One novelty of our work is that we find a variable that doesn't need to be estimated -- the 1 - alpha expected coverage is known exactly and therefore the bound can apply without any sampling and confidence intervals.

Regarding the point c. please note that the smoothing-based bound could be computed for any arbitrary smoothing function and threat model B(x), we use L2 and isotropic Gaussian as an example, and in Section 3.1 we discuss how to find the bound for any other smoothing/ball following the results from [22].

最终决定

This paper proposes RCP1 (Robust Conformal Prediction with one sample), a method that significantly reduces the computational overhead of robust conformal prediction. Standard RCP methods require many model evaluations per input, whereas RCP1 demonstrates that robustness can be certified with a single randomly perturbed input and a binary certificate. Empirically, RCP1 achieves smaller average prediction set sizes compared to state-of-the-art smoothing-based RCP methods, while reducing cost substantially.
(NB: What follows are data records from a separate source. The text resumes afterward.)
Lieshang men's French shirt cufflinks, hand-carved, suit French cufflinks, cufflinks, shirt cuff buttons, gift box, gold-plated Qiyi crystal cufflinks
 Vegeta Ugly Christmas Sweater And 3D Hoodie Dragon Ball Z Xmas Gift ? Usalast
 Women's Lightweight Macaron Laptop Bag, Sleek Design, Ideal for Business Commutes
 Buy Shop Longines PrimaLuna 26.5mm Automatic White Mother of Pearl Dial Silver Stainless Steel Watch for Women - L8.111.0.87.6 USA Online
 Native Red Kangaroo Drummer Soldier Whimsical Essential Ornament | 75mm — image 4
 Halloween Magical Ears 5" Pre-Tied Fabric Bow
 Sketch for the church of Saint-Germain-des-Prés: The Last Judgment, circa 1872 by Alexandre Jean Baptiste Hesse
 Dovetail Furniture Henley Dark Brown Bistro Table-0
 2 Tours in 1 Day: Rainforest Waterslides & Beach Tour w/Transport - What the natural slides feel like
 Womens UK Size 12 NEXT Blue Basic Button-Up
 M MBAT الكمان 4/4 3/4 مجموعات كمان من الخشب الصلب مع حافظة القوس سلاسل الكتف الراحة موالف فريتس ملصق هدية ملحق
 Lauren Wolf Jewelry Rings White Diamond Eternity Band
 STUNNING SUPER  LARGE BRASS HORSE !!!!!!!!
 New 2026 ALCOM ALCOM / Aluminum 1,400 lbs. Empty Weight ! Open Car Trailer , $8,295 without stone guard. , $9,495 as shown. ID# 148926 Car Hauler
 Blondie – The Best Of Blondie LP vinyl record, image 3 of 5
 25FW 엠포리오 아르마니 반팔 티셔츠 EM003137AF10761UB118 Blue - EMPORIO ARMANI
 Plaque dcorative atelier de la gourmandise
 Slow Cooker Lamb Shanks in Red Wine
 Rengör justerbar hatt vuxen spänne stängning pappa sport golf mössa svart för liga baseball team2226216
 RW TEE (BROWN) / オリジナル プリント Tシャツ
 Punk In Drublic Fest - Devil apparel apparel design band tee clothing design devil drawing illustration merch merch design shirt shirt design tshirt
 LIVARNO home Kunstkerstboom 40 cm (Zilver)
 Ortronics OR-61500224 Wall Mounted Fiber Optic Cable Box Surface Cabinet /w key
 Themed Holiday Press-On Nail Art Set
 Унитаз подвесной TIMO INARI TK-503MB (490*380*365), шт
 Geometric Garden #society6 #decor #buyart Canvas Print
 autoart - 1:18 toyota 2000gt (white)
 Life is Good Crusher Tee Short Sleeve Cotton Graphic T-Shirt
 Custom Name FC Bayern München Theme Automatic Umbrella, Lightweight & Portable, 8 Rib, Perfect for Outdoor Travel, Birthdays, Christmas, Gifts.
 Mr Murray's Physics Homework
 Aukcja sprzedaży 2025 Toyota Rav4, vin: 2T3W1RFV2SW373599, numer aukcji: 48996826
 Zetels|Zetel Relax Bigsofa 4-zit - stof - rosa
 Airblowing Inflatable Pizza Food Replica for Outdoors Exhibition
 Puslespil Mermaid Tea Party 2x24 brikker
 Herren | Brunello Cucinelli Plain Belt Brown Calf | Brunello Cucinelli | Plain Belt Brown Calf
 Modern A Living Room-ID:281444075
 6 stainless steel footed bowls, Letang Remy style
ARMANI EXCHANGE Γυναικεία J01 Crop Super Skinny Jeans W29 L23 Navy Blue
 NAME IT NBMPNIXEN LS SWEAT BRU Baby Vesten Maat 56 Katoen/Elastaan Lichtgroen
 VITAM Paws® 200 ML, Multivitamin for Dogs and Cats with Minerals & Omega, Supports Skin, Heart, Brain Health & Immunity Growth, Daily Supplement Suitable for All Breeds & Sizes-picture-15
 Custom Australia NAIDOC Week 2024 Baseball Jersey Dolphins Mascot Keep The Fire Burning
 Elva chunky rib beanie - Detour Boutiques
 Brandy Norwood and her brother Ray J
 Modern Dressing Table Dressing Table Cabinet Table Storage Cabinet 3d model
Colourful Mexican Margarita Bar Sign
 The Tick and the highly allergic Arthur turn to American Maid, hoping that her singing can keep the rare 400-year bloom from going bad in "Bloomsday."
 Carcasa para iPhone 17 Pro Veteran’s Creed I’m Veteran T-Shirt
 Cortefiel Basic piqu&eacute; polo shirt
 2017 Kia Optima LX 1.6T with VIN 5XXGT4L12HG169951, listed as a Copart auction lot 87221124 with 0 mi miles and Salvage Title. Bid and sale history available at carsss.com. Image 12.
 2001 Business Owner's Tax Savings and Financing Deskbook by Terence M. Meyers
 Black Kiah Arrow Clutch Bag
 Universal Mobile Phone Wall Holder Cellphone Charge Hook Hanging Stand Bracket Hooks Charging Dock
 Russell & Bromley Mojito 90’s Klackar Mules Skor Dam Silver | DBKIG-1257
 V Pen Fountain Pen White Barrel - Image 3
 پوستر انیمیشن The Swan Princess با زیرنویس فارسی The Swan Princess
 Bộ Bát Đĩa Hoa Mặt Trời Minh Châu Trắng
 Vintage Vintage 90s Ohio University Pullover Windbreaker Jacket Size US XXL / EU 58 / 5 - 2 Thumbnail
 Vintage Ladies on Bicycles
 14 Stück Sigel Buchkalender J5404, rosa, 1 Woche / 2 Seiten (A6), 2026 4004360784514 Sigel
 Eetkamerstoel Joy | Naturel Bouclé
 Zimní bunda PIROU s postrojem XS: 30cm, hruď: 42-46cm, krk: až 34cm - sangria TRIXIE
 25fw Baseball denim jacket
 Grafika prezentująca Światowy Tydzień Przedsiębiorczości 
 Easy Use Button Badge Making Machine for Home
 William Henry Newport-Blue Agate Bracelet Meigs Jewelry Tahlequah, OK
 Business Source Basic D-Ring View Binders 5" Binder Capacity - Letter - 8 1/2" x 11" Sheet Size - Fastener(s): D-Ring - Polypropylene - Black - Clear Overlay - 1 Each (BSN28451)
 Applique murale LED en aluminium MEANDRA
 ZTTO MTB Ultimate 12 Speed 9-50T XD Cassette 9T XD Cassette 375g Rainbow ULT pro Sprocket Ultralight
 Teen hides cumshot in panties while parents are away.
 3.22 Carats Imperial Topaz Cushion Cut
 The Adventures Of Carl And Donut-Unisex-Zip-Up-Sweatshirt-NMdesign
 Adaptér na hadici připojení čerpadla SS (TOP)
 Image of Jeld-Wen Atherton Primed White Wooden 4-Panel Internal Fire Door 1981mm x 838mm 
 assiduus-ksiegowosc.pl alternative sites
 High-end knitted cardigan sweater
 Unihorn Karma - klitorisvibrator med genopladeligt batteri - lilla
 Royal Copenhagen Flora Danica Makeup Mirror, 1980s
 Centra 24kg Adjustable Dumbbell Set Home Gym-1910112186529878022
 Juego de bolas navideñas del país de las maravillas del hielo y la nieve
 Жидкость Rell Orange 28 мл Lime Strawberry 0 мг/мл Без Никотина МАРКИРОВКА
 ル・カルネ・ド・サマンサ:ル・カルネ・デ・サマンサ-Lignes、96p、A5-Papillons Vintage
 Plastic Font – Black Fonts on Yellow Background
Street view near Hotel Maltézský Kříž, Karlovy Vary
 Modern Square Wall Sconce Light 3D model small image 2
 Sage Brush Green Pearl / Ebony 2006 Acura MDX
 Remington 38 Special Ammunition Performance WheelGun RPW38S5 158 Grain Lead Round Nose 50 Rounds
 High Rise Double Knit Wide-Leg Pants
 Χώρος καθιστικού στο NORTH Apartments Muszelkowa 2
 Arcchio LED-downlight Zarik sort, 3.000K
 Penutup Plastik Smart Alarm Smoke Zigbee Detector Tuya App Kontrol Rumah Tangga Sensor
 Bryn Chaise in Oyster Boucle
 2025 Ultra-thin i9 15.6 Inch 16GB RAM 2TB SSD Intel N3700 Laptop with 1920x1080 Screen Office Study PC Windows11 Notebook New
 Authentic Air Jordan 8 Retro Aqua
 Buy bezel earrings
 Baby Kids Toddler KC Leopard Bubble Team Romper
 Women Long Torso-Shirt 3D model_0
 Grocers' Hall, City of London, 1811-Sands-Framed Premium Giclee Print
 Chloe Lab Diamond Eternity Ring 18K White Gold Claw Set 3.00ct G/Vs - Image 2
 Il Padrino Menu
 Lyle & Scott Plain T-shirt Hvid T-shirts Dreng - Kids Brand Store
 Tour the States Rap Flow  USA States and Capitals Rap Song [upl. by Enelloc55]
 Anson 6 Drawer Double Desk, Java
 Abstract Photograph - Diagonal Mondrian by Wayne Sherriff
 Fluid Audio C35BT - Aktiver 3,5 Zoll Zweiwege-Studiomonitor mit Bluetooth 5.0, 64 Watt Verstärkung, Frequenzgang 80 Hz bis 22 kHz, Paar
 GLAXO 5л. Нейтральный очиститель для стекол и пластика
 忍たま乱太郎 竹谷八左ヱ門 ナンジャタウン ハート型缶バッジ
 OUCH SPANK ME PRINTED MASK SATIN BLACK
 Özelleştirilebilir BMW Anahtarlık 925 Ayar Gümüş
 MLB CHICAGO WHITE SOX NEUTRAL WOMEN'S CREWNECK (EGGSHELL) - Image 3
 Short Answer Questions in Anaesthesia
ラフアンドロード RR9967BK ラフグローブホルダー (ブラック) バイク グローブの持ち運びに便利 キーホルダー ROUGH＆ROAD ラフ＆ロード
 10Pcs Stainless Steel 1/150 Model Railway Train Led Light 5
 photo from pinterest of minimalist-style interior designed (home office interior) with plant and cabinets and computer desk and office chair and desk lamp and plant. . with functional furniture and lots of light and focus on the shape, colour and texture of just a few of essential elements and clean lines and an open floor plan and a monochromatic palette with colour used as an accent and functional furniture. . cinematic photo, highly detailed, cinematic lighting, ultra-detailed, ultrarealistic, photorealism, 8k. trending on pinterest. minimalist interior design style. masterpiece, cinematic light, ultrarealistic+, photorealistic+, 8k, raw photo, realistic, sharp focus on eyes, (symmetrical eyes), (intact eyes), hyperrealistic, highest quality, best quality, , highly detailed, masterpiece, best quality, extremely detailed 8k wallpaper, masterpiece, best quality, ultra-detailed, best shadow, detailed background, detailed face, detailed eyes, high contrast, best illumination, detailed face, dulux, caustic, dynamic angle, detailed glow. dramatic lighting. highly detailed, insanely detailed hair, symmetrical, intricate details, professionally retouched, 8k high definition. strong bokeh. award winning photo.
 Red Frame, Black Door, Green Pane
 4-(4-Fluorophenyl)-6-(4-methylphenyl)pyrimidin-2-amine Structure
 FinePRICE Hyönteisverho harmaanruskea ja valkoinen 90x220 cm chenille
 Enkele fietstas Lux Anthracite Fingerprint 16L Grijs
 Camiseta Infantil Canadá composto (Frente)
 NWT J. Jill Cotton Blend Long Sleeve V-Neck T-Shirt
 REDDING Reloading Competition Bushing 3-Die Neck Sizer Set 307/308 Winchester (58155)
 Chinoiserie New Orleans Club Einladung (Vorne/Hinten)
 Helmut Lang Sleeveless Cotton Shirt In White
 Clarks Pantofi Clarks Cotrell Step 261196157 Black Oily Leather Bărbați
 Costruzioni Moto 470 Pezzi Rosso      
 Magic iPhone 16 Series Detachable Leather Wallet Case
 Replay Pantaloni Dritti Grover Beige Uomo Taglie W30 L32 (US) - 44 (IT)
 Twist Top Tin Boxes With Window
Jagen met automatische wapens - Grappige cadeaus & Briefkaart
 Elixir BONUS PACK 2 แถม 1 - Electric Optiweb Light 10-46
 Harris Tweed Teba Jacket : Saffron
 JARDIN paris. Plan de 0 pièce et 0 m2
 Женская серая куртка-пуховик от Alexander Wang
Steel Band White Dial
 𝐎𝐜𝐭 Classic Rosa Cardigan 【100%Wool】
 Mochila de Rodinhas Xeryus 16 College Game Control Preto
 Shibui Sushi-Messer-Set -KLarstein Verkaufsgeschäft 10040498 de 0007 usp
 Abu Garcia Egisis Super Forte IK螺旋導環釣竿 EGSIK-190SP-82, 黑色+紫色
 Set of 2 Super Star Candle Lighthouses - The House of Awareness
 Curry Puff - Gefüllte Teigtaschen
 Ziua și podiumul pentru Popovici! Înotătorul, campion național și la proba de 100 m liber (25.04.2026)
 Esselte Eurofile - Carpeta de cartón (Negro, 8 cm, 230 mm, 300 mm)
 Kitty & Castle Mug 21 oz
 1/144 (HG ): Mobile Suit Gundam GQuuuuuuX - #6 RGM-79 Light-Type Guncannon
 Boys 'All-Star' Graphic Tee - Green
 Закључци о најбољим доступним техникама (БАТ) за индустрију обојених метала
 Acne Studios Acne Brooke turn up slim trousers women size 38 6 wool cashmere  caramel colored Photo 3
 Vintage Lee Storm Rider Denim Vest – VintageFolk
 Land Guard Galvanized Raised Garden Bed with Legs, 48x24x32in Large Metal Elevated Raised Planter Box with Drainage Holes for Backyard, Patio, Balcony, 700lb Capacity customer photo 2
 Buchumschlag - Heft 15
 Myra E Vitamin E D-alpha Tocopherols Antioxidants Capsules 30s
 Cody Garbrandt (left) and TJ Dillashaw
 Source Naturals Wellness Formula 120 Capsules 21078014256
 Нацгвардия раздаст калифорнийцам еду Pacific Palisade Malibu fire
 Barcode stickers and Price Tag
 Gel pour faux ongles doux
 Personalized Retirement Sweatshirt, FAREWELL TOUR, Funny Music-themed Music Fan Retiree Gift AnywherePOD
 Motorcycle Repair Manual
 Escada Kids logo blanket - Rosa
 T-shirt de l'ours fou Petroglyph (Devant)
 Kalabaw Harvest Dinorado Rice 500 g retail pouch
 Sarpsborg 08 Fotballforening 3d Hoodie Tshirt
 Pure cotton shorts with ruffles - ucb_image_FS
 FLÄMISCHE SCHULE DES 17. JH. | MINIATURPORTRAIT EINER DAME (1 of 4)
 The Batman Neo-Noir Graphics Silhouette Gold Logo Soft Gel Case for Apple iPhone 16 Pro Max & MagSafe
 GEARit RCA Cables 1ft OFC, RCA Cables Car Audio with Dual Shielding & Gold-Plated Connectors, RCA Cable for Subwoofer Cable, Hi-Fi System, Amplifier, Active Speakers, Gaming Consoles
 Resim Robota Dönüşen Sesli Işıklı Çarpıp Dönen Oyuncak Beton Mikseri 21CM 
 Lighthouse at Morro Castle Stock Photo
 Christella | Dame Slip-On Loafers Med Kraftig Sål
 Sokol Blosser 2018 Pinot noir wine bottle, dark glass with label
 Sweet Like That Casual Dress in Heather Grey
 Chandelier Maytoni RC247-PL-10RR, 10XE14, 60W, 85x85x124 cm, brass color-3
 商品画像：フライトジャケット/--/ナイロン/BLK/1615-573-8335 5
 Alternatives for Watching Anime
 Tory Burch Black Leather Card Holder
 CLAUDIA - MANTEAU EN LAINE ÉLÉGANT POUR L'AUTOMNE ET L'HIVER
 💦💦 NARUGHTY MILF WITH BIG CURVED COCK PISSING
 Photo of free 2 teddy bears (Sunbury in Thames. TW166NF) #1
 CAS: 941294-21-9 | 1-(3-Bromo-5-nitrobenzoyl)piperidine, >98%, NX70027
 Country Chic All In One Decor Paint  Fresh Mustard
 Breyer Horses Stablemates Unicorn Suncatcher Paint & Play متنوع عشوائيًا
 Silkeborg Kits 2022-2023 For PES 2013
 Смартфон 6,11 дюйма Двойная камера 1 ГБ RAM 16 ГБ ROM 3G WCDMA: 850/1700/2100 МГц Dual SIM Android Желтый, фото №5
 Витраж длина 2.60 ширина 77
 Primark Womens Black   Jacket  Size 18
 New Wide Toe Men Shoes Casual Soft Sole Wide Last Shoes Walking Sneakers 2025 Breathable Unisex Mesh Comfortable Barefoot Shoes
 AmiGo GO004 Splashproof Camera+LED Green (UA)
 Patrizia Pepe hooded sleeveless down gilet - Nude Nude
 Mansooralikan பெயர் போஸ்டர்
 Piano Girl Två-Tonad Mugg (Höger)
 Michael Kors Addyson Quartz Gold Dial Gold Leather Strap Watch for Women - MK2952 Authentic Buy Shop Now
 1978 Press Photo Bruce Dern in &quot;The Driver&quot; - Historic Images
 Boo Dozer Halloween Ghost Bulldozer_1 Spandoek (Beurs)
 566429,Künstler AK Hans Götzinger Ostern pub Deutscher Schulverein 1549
After discussion, all reviewers lean towards acceptance, although the majority still consider that the paper remains borderline.

Strengths

  • Novel methodological contribution with clear empirical benefits
  • General approach, applicable to any conformity score

Weaknesses

  • Writing is dense and presentation/notation is sometimes unclear
  • An error was identified in one proof (acknowledged and satisfactorily addressed by the authors)

The authors provided clarifications on the proof, acknowledged typos, and committed to improving presentation. These corrections are expected to address most concerns.